## Requirement
Go through the material and return every line that contains the string "para".

## Material provided
..........
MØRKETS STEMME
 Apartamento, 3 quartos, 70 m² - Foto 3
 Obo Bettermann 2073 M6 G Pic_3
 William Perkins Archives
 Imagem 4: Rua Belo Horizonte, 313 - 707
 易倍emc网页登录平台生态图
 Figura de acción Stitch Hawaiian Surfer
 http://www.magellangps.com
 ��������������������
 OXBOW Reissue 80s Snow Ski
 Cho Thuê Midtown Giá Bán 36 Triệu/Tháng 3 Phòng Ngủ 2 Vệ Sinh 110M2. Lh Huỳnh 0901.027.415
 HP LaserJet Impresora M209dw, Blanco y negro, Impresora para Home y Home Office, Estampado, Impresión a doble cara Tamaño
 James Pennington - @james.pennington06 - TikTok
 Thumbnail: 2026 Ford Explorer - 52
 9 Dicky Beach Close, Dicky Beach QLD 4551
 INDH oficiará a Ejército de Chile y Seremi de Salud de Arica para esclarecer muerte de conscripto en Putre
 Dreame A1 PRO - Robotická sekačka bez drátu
..........
## Answer for the task
 HP LaserJet Impresora M209dw, Blanco y negro, Impresora para Home y Home Office, Estampado, Impresión a doble cara Tamaño
 INDH oficiará a Ejército de Chile y Seremi de Salud de Arica para esclarecer muerte de conscripto en Putre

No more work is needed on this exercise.